Prior to completing a BA and MA at Edinburgh College of Art, Andy Moxon completed a technical apprenticeship in Radar, Satellite Radio and Telecommunications working as a Marine Technical Officer onboard merchant shipping. His work in photojournalism has been published in Time, The Guardian, amongst other publications. In 2015, Moxon stopped using traditional camaras and developed his own techniques to record starlight. His current research, The Materiality of Light, concerns itself with the visual representation of ‘deep time’ by exploring recorded ancient light written on the print surface and questions how photography records ‘events’ not just immediately, but over the longer time. He is Senior lecturer in Photojournalism at the University of Gloucestershire.
Rebecca Chace is the award-winning author of Leaving Rock Harbor (novel); Capture the Flag (novel); Chautauqua Summer (memoir); June Sparrow and The Million Dollar Penny (middle readers). Her fifth book, Talking to the Wolf (novel), is forthcoming from Red Hen Press. “Beka,14” a multi-media performance, received a development/collaborative artist fellowship at Catwalk Artist Residency. She has written for the New York Times, NYT Magazine, NYT Sunday Book Review, the Huffington Post, The LA Review of Books, and other publications. She has been awarded numerous fellowships and residencies including the Civitella Ranieri Foundation, MacDowell, Yaddo; Dora Maar House, the American Academy in Rome (visiting artist) and many others. She is a faculty associate and program manager at the Institute for Writing and Thinking at Bard College. Photo credit: Marco-Giugliarelli-for-Civitella-Ranieri-Foundation
Stéphanie Bonvicini is a French journalist, writer and artist. She is a graduate of the Institut National de l’Audiovisuel (INA). For France Culture, she produced the program Le Sens des Choses and episodes of A Voix Nue. On the Public Senat TV channel, she hosted the interview Conversation d’Avenirs with the french economist Jacques Attali. She is the author of the acclaimed biography Louis Vuitton, une Saga française and three books in collaboration with Jacques Attali. In the field of children’s literature, she has published different books and a philosophical fairy tale, La Petite Taiseuse, illustrated by Marianne Ratier, nominated at several literary festivals and awarded the prestigious Prix Sorcières at the Paris Book Fair.

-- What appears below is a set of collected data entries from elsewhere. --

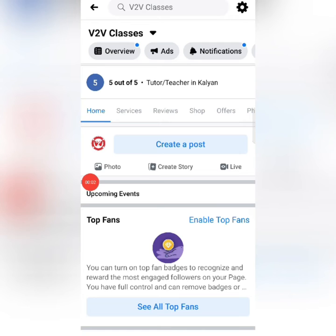Hello everyone, this is Rajan here from Eccunity Services. In today's video, we will see how, if you have a Facebook page, you can see what's happening with the WhatsApp messaging icon that comes to your post, and what you can do about it.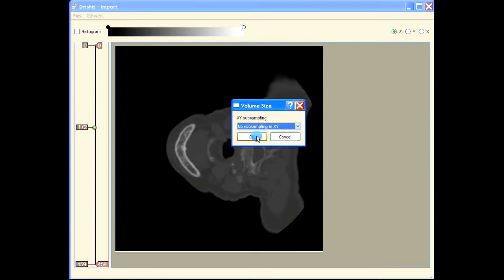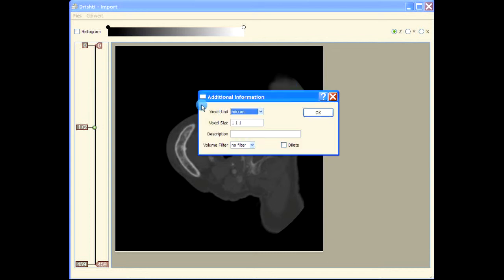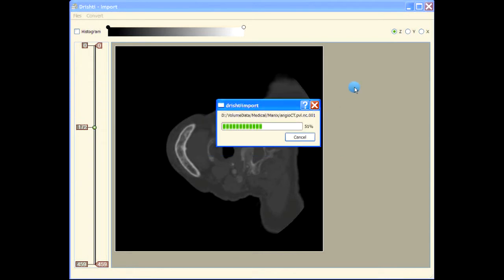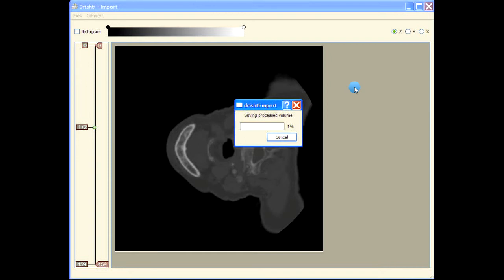Let's keep the same information and press OK. This will create two files in this case because the data is not more than one gigabyte. One file is angio_ct.pvl.nc and the other file will be angio_ct.pvl.nc.001.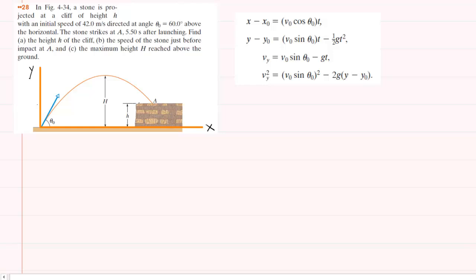The first thing we've done in solving this question, and indeed something you should do in solving any projectile motion question, is to superimpose an xy-axis on your picture. It's usually smartest to place the origin of your xy-axis at the point where the projectile is fired. If we do that, the initial y-coordinate of the projectile would be 0 meters since it begins at the origin.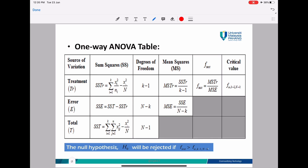This is the general form of the ANOVA table. The first row represents the treatment, the second row represents the error, and the third row represents the total. For the columns: the first column is the sum of squares value, the second is the degrees of freedom value, the third is the mean square value, the fourth is the F-test value, and the last column is the critical value. You must complete this ANOVA table before making your decision and conclusion. To complete it, we first find SSTR, then SSE, and then SST.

Ben Sabey writes music that has been described by Gramophone as revealing, “a brilliant technique and a keen ear for sound, timbre and arc.” Ensembles with which he has worked include the Arditti Quartet, Mivos Quartet, Neue Vocalsolisten Stuttgart, Le Nouvel Ensemble Moderne, and the New York New Music Ensemble. His music has been featured at the Ultrschall Festival in Berlin and the SoundOn and NWEAMO festivals in San Diego. The Bacchetto/Sabey Duo, in which Ben performs with pianist Nick Bacchetto on a custom analog synthesizer, tours throughout the US and the world. He also works regularly with performers of Korean instruments including the Seoul based Ensemble PHASE and haegeum virtuoso Eunah Noh, who recently premiered a new work at Carnegie Hall. Based in the San Francisco Bay area, Ben heads the theory, composition and electronic music programs at San Francisco State University. He holds a PhD from the University of California, San Diego. © photo Hailey June
Isabelle Laban-Dal Canto oversees a network of museums in rural departments of France, housing a variety of collections: prehistoric and Roman archaeology, painting, contemporary art, fossils, ethnological objects. As a specialist in modern art, she is also an independent researcher interested in the margins of art, including geographical, where artists choose to live in remote areas. In this context she met art dealer Lucien Henry. A native of the village in which he set up his business, he sold, frequented and loved a great many artists between the 1950s and his death in 1988. He was able to gather around him some well-known figures (Bernard Buffet, Henri Cartier-Bresson) but above all artists with original backgrounds, often self-taught, always committed to a singular creative path. Isabelle Laban-Dal Canto’s research into this atypical figure brings her to the heart of her subject: creation far from the norm.